Wednesday, March 21, 2007

Forever sync

Today, I had a deja-vu. I was having lunch with a friend from HP and he asked me "do you still believe there is a need for synchronization in mobile? Network are fast now, you know, and reliable". My mind went back to 2003, to the very first presentation I gave about Sync4j (two years in the making, at the time). Someone asked me the same question, albeit more generic: "do you still believe there is a need for synchronization? Network are fast now, you know".

To both, I gave the same answer: "You bet! It is not about the network, it is about usability".

Then I checked the announcement that Apple TV finally hit the stores today. They have one page on the web site where the word sync is used 12 times... Wow, sync is still here today... And there is no network more reliable and faster than the one you have at home... Why is that? Apple could have created Apple TV just streaming info from your devices, taking content from the web. Instead, they went for a sync solution (as they did for the iPod). Why?

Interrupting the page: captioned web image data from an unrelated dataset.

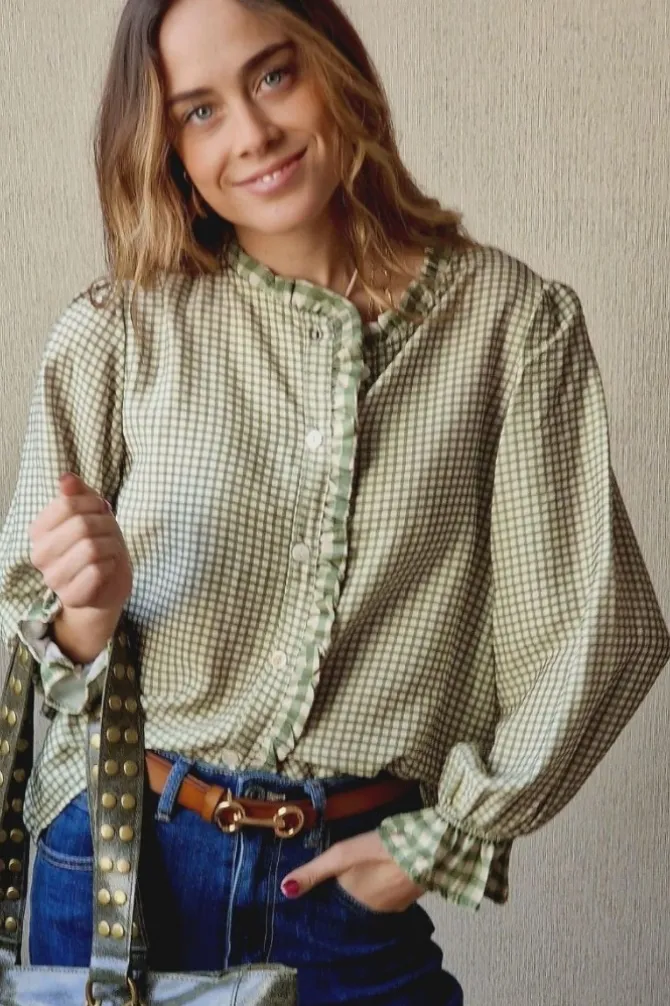 Camisa de cuadros vichy con volante verde
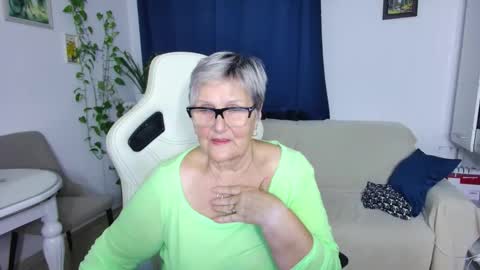 Selenna online show from February 11, 6:24 pm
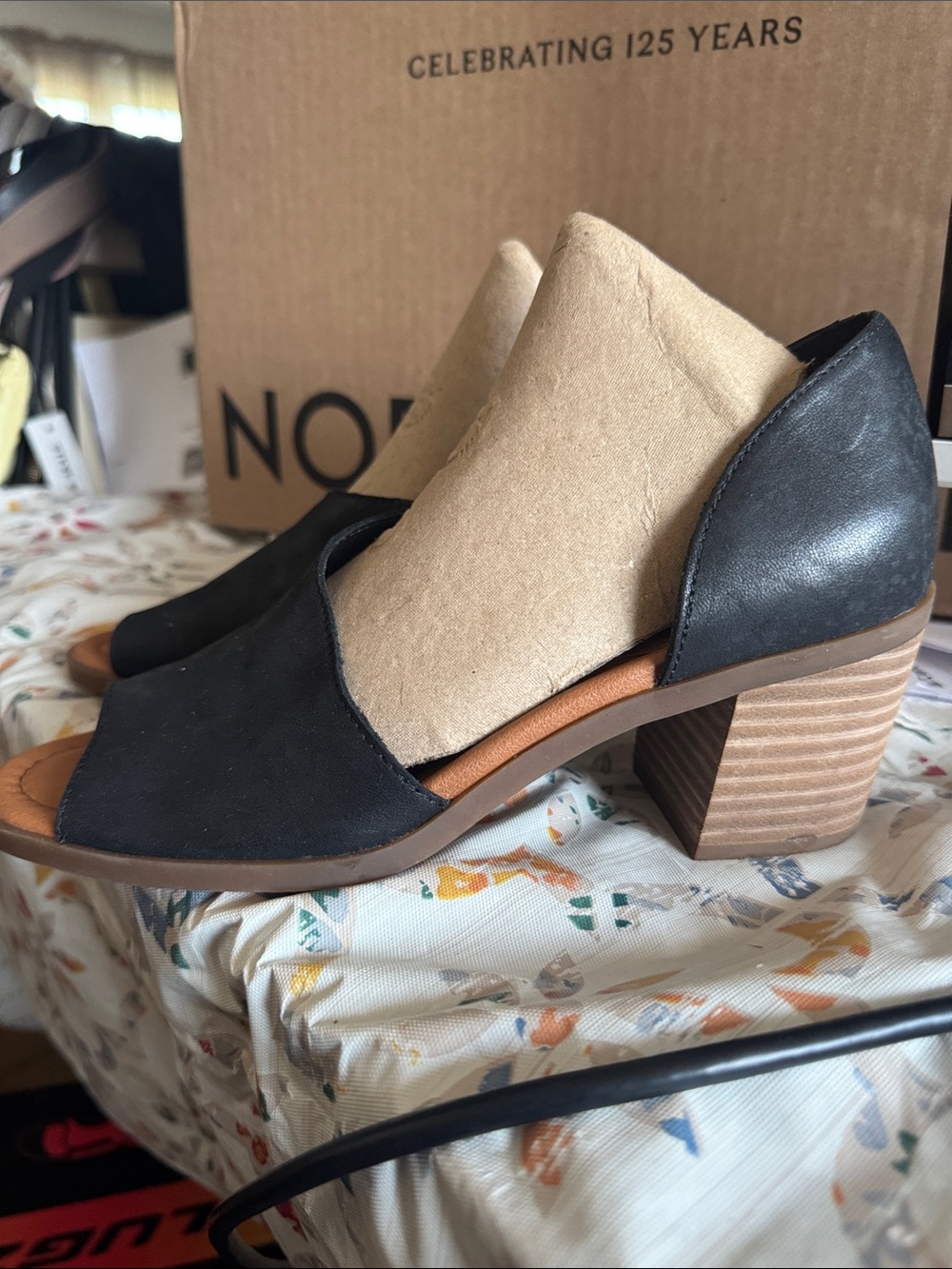 SOLE SOCIETY Black Open-Toe Block Heel Sandals - Black by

Think about your Apple TV. It shows your video and pictures and music on your TV. Where do you have them? On your PC. On your iPod. On your mobile phone. They are spread out. Every device captures the information and you have to sync it back somewhere. The devices are many, the data could be just one, but it is distributed. Each device has a piece of the puzzle. Again, why?

Because on your iPod you want music to start instantaneously. Five seconds wait and it is unusable. Because the experience of listening to your music on your iPod in the subway could not be replicated if you needed a wireless signal (yes, I know, some subway now have wireless signal). Or when you fly (yes, I know, some airplanes now have wi-fi, but did you notice Connexion by Boeing died?).

On your Apple TV your data is stored. You flip through it in an instant. It works even if your laptop is off, your iPod is in your bag, the batteries of your cell phone are toasted. You can use it. And the experience is great (Apple is the master of usability, after all). You get that only if your data is already on your device. And it gets there through synchronization. Usable synchronized data. Even in a fast and reliable network, imagine on a cellular network...

Forget killing synchronization. It is here to stay. Long life to sync.